Please refer to our paper for more details.
The dataset is organized into six sub-directories, each corresponding to one of the reasoning schemes.
data/superlative
data/comparative
data/sorting
data/counting
data/aggregation
data/subtraction
Each sub-directory contains a JSON file that includes questions, original answers (aliases) along with their supporting facts (identified by the keys choice_1_facts
and choice_1_counterfactuals
), as well as counterfactual answers (aliases) accompanied by their respective supporting counterfactuals (identified by the keys choice_2_facts
and choice_2_counterfactuals
).
An example from the Superlative
category is shown below:
{
"question": "Who is the last celebrity Brody Jenner had a romantic relationship with?",
"answer": "Lauren Conrad",
"counterfactual_answer": "Heidi Montag",
"facts_per_choice": {
"choice_1_facts": [
{
"fact": "Lauren Conrad and Brody Jenner briefly dated in 2006.",
"links": [
"https://en.wikipedia.org/wiki/Lauren_Conrad"
],
"atomic_facts": [
"Lauren Conrad and Brody Jenner's dating was brief.",
"Lauren Conrad and Brody Jenner's brief dating was in 2006."
],
"atomic_triples": [
"(Lauren Conrad and Brody Jenner's dating; was; brief)",
"(Lauren Conrad and Brody Jenner's brief dating; was in; 2006)"
]
}
],
"choice_2_facts": [
{
"fact": "Heidi Montag was never romantically involved with Brody Jenner.",
"links": [
"https://en.wikipedia.org/wiki/Heidi_Montag"
],
"atomic_facts": [
"Heidi Montag was never romantically involved with Brody Jenner."
],
"atomic_triples": [
"(Heidi Montag; was never romantically involved with; Brody Jenner)"
]
}
]
},
"counterfactuals_per_choice": {
"choice_1_counterfactuals": [
{
"fact": "Lauren Conrad was never romantically involved with Brody Jenner.",
"atomic_facts": [
"Lauren Conrad was never romantically involved with Brody Jenner."
],
"atomic_triples": [
"(Lauren Conrad; was never romantically involved with; Brody Jenner)"
]
}
],
"choice_2_counterfactuals": [
{
"fact": "Heidi Montag and Brody Jenner briefly dated in 2006.",
"atomic_facts": [
"Heidi Montag and Brody Jenner's dating was brief.",
"Heidi Montag and Brody Jenner's brief dating was in 2006."
],
"atomic_triples": [
"(Heidi Montag and Brody Jenner's dating; was; brief)",
"(Heidi Montag and Brody Jenner's brief dating; was in; 2006)"
]
}
]
},
"answer_alias": ["Lauren K. Conrad", "Lauren Katherine Conrad", "L.C."],
"counterfactual_answer_alias": ["Heidi Pratt", "Heidi Blair Montag", "Heidi B. Montag"]
}
In the sorting
subset, both the original and counterfactual answers consist of the same set of entities in different orders.

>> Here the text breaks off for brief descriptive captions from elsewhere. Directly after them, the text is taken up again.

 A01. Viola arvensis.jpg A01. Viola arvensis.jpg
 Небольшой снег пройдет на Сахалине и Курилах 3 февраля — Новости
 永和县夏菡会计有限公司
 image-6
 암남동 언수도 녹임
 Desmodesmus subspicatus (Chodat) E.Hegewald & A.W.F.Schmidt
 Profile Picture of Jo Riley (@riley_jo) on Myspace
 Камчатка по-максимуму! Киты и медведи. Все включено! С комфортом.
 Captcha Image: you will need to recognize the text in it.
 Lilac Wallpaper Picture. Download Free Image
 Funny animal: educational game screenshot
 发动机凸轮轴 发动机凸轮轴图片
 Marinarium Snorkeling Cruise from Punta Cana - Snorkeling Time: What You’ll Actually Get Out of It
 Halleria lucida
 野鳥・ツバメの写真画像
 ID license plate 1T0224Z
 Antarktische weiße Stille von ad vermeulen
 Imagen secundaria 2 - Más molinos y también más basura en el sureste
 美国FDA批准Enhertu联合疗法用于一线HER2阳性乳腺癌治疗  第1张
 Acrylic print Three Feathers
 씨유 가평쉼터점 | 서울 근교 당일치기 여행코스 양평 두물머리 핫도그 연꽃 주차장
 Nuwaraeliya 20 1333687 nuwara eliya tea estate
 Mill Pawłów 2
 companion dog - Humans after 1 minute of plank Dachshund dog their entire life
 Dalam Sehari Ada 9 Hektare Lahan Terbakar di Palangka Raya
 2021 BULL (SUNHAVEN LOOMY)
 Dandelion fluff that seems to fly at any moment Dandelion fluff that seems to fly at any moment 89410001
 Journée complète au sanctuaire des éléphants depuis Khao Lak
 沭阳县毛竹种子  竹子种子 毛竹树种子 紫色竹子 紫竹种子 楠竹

The supporting facts correspond to each entity.
For the aggregation
and subtraction
subsets, we provide two versions of supporting facts (or counterfactuals): one set refers to direct facts, while the other pertains to indirect facts. In the paper, only the indirect facts are utilized for editing.
Reasoning Scheme | Examples | Atomic facts |
---|---|---|
superlative | 1,172 | 7,374 |
comparative | 1,153 | 7,144 |
counting | 643 | 1,309 |
sorting | 1,034 | 6,009 |
aggregation | 508 | 1,822 |
subtraction | 500 | 1,500 |
Total | 5,010 | 25,158 |
If you use ReCoE in your research, please cite the original paper:
@inproceedings{hua-etal-2024-propagation,
title = "Propagation and Pitfalls: Reasoning-based Assessment of Knowledge Editing through Counterfactual Tasks",
author= "Hua, Wenyue and Guo, Jiang and Dong, Mingwen and Zhu, Henghui and Ng, Patrick and Wang, Zhiguo",
booktitle = "Findings of the Association for Computational Linguistics: ACL 2024",
month = aug,
year = "2024",
address = "Bangkok, Thailand",
publisher = "Association for Computational Linguistics",
pages = "12503--12525",
}
This dataset is released under the CC-BY-NC-ND-4.0 license.